### Your instructions
For this listing, the lines between the one holding "Breton, Marine, oil" and the one holding "Magnetic Car Wireless", inclusive, must be set down exactly.

### Exercise inputs

------------------------------

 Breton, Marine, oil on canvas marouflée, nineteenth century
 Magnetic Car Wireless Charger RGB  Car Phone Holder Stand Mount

------------------------------

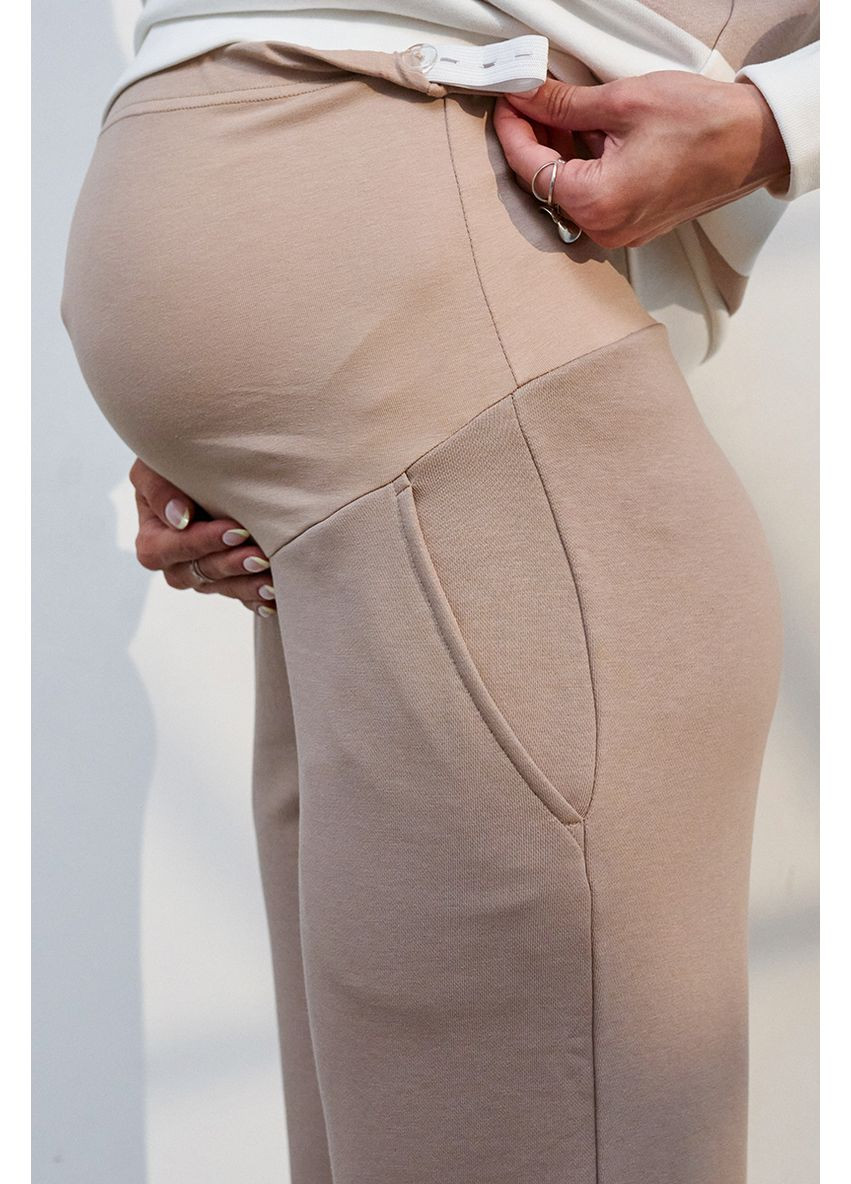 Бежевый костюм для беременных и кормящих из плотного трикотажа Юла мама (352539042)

------------------------------

### Solution to this problem
 Breton, Marine, oil on canvas marouflée, nineteenth century
 Magnetic Car Wireless Charger RGB  Car Phone Holder Stand Mount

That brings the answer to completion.